» **Supplied information**
___

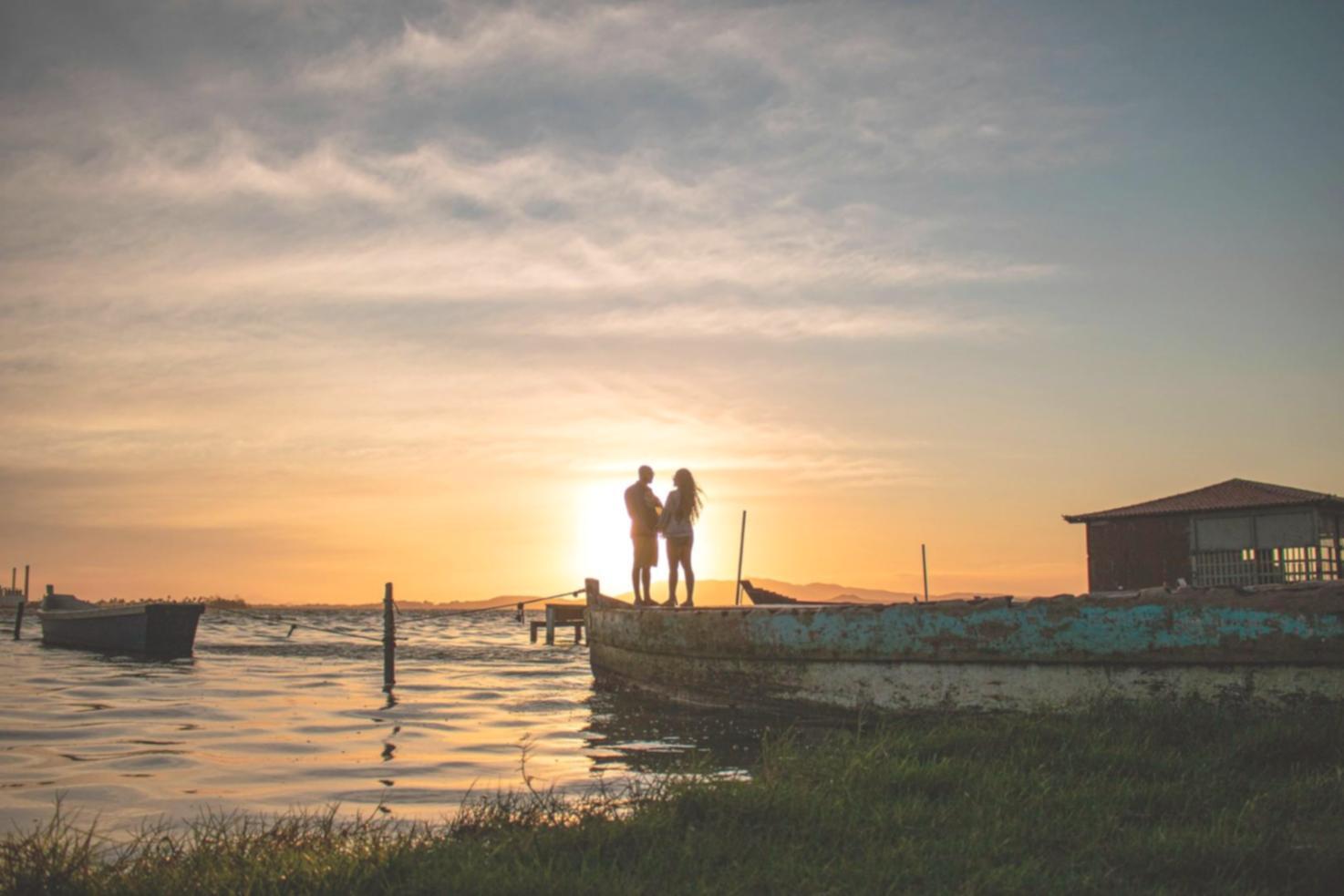 Familien beim gemeinsamen Lernen in entspannter Atmosphäre
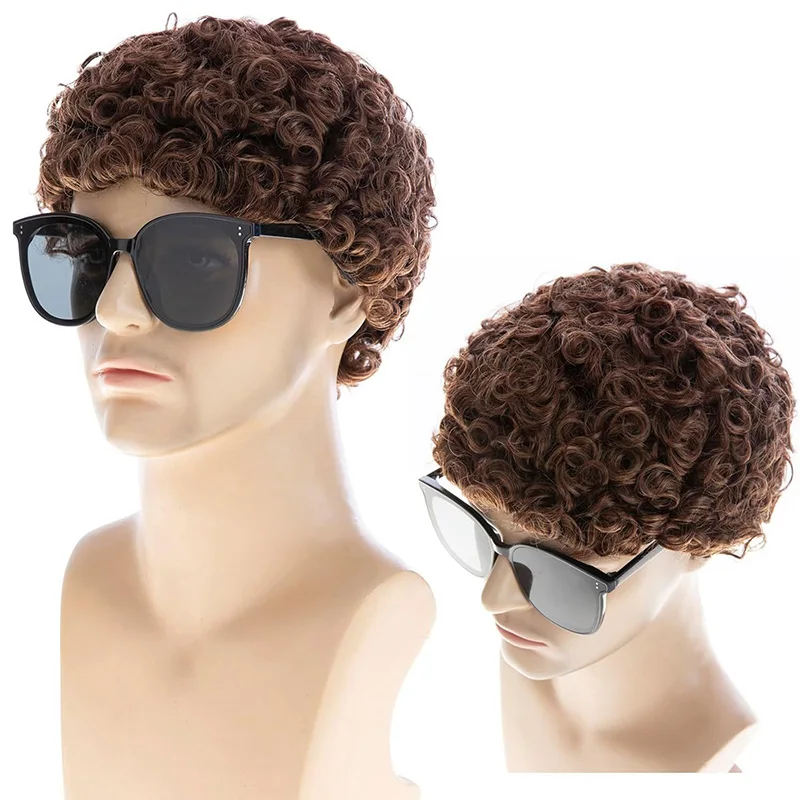 男性用デイリードレスアップヘッドウェアウールパーマショートヘアイブニングパーティースーツマッチブラウンスモールロールヘッドギアボール男性用耳丈ヘアウィッグ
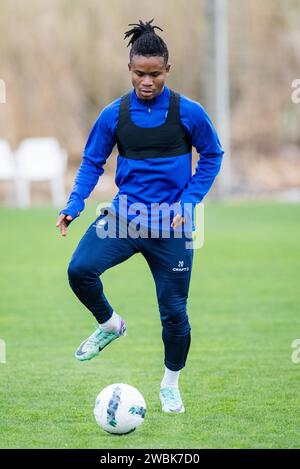 Oliva, Spanien. Januar 2024. Gent's Gift Emmanuel Orban in Aktion während des Wintertrainings der belgischen Fußballmannschaft KAA Gent in Oliva, Spanien, am Donnerstag, den 11. Januar 2024. BELGA FOTO JASPER JACOBS Credit: Belga News Agency/Alamy Live News Stockfoto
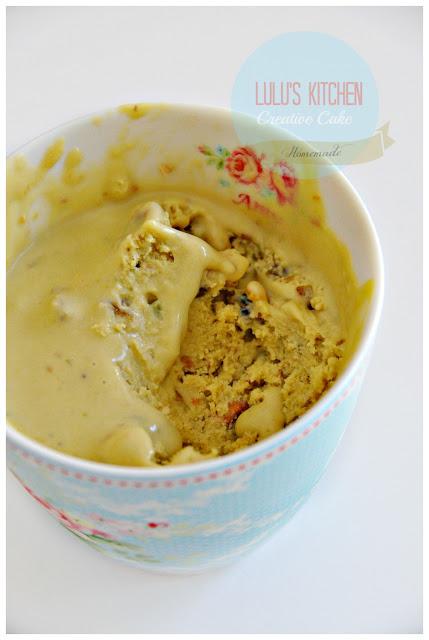 BROWNIE DE CHOCOLATE BLANCO Y ESPECIAS CON HELADO DE PISTACHO BROWNIE DE CHOCOLATE BLANCO Y ESPECIAS CON HELADO DE PISTACHO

___

» **What to work on**
Print the material above once more, exactly. No pictures belong in it.

» **Your solution**
 Familien beim gemeinsamen Lernen in entspannter Atmosphäre
 男性用デイリードレスアップヘッドウェアウールパーマショートヘアイブニングパーティースーツマッチブラウンスモールロールヘッドギアボール男性用耳丈ヘアウィッグ
 Oliva, Spanien. Januar 2024. Gent's Gift Emmanuel Orban in Aktion während des Wintertrainings der belgischen Fußballmannschaft KAA Gent in Oliva, Spanien, am Donnerstag, den 11. Januar 2024. BELGA FOTO JASPER JACOBS Credit: Belga News Agency/Alamy Live News Stockfoto
 BROWNIE DE CHOCOLATE BLANCO Y ESPECIAS CON HELADO DE PISTACHO BROWNIE DE CHOCOLATE BLANCO Y ESPECIAS CON HELADO DE PISTACHO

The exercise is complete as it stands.